In the face of such resistance to the scientific evidence, some advocates argue that human rights law needs to be utilised, despite the sometimes arbitrary interpretation of democratic rights in the Confederation of Independent States (CIS). Richard Pearshouse highlighted several possible avenues for legal challenge under the UN Covenant on Economic, Social and Cultural Rights:
- the right to the highest attainable standard of health
- the principle of non-discrimination
However Denes Banos, director of the Hungarian Civil Liberties Union, pointed out that the legal system in Russia is based on a civil code rather than the common law system that prevails in the English-speaking world. Under common law it can take only one judgement to change the interpretation of the law throughout the whole legal system, since judges are bound to follow the precedent of their colleagues. However, under civil law systems judges are not bound to take precedent into account, leaving less scope for legal activism.
The other avenue for action, says Pearshouse, is to step up pressure on UNODC to move methadone and buprenorphine from Schedule I to Schedule II or III of the Convention on Psychotropic Substances. Schedule I substances include cocaine, heroin and LSD, drugs with high potential for destructive abuse, but also includes methadone. Schedule III covers drugs with significant potential for abuse which nevertheless offer therapeutic value. Movement of methadone from Schedule I, argues Pearshouse, may give health ministries greater backing to argue for reform of national drug laws in order to allow substitution therapy, because it would undermine the argument that methadone substitution contravenes UN conventions.

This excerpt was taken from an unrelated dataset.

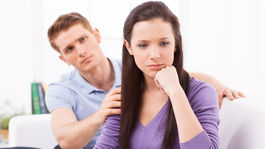 Prečo sme neverní? Toto sú štyri najčastejšie dôvody!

Although movement from Schedule I occurs on the basis of expert advice from WHO, it is ultimately a political decision that is made by the Commission on Narcotic Drugs, the central drug policy-making body within the UN system. The United States has repeatedly blocked attempts by the Commission to liberalise statements on needle exchange, claiming that needle exchange does nothing to reduce demand for drugs, but has remained silent on substitution therapy and its proven potential to reduce the demand for drugs.
But even where substitution therapy programmes do exist, entry criteria and practices affect the ability of drug users to access treatment. Any illicit drug use alongside substitution therapy may result in termination of the therapy, and patients often have no control over the methadone doses they receive, which can be particularly problematic in those receiving efavirenz-based antiretroviral therapy, Konstantin Lezhentsev of the International Harm Reduction Programme told the conference. Since efavirenz reduces methadone levels by 50%, drug users can begin to experience withdrawal symptoms within a few days of beginning efavirenz treatment. “Methadone doses should be determined in consultation with the patient and in accordance with medical best practice, and dosage should never be used as a reward or punishment for people receiving substitution therapy,” said Richard Pearshouse.
Duration of substitution therapy also needs to be adequate to ensure treatment effectiveness; programmes that give only six months of methadone inevitably perpetuate a cycle of drug dependence because they don’t give drug users long enough to address the psychosocial factors that encourage drug use.